*** EXTRACTED ENTRIES ***

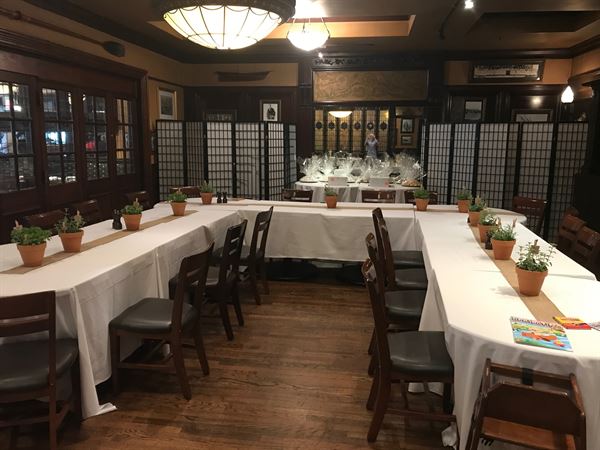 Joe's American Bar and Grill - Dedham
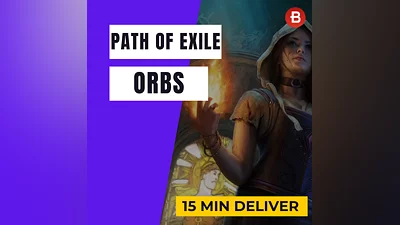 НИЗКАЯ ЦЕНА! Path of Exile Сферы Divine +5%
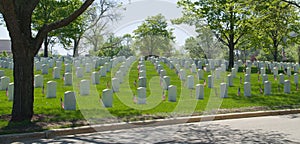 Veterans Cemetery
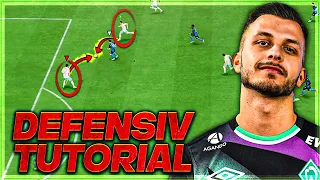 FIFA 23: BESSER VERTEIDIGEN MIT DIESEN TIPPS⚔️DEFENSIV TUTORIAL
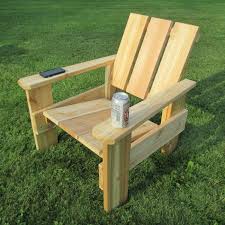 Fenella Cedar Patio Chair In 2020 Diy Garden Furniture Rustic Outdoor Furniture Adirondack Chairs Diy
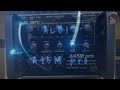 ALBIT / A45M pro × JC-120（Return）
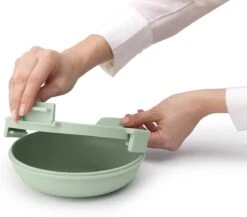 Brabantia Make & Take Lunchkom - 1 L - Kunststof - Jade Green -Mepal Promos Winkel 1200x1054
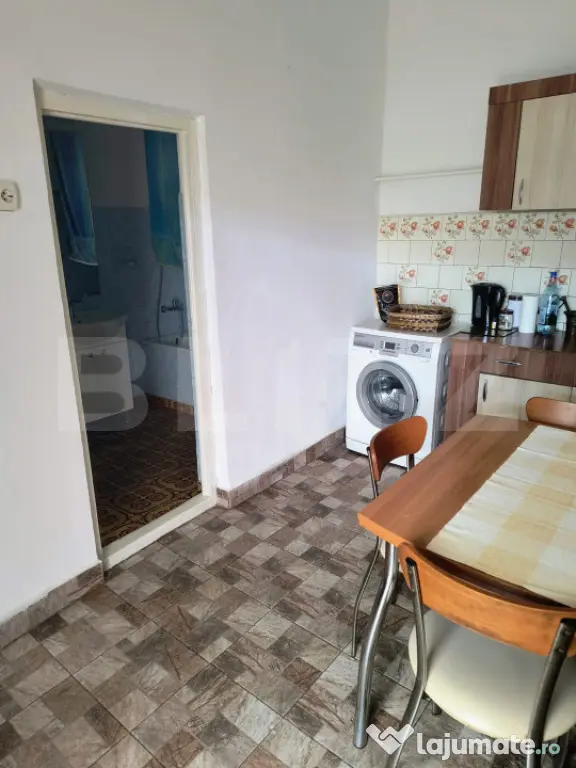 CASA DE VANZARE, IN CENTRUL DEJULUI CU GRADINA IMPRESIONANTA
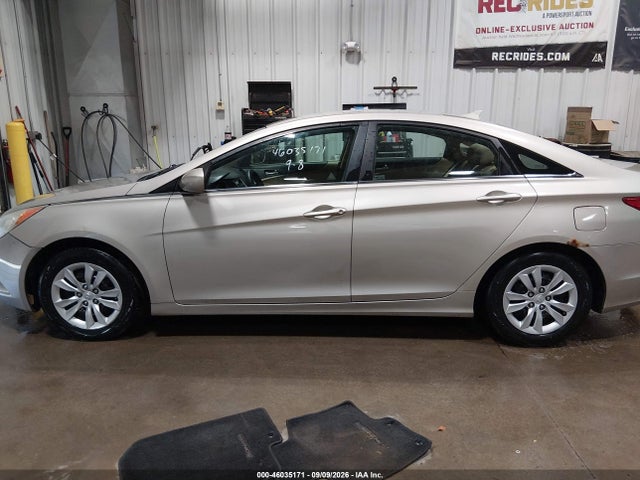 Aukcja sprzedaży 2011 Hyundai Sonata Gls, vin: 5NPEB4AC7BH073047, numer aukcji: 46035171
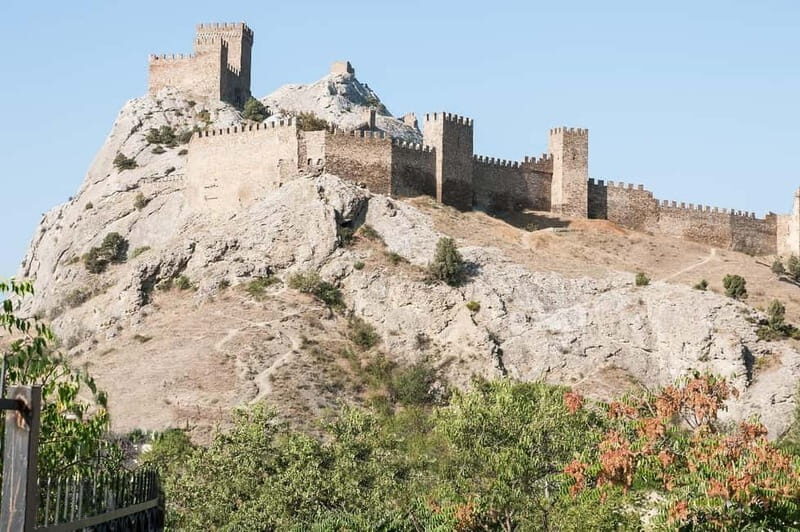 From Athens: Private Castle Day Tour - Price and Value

*** End of EXTRACTED ENTRIES ***

• PROBLEM STATEMENT: Set out, exactly as given, the line that contains "Aukcja sprzedaży 2011" along with each line after it through the end of the records above; omit the pictures.

• RESULT FOR THIS TASK:
 Aukcja sprzedaży 2011 Hyundai Sonata Gls, vin: 5NPEB4AC7BH073047, numer aukcji: 46035171
 From Athens: Private Castle Day Tour - Price and Value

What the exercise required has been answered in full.